Doing the same thing over and over again, expecting different results, is the definition of insanity.  There has to be another way!  Eye witness accounts are used all the time in a court of law.  Perhaps we need to apply legal standards to UFOlogy rather than academic standards.

I am no more an expert on law than I am on physics.  But I know people who practice one or the other on a professional basis.  For this article I employed the assistance of a good friend my long-time readers know as "Captain Awesome".  I will not use his real name because I do not want to jeopardize his career by being linked to a UFO blog - not that that should matter, but reality is what it is.  

In case you missed my previous references to C.A. he lives here in my town, we have a lot of mutual friends and interests, and we ski together a lot with other friends and with the rest of our families.  What I have not mentioned is that by day, Captain Awesome is a mild-mannered corporate attorney.  He started his career as a lawyer for the ATF and is currently an in-house legal counsel for a Fortune 500 Company.  The guy has major credibility when it comes to the law.  He also is comfortable openly discussing UFOlogy with me.  How awesome is that!

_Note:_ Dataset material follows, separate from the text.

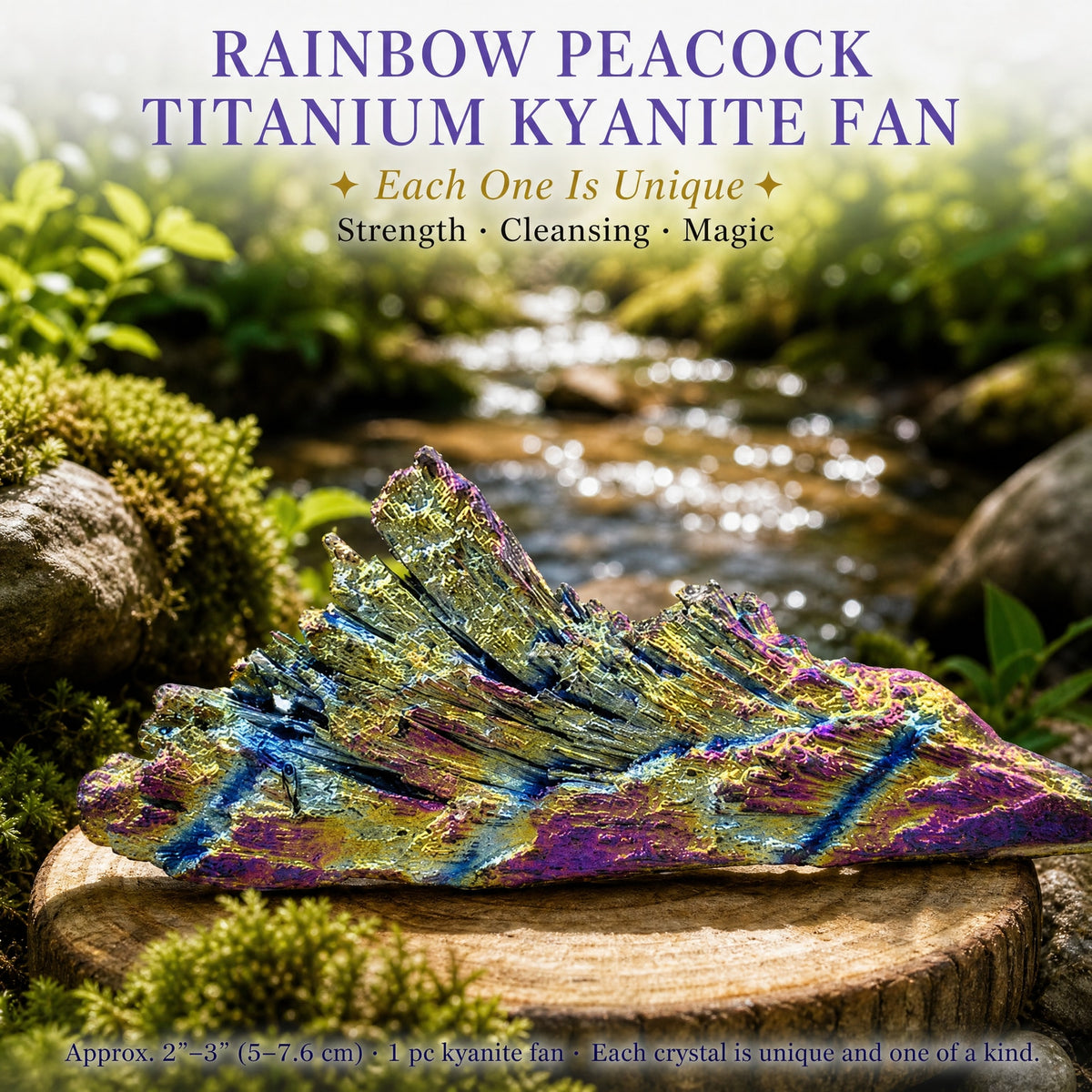 Éventail Rainbow Peacock Titanium Kyanite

Why doesn't Science care about UFOs?


If you have been following this blog for a while you will recognize this topic, somewhat.  I have discussed it directly and tangentially several times.  But it has come up again recently on social media so I thought I should address it from a different angle.  Science does not care about aliens - generally speaking, those in Academia who study, "Little Green Men" are derided the same as those who report UFOs in the military.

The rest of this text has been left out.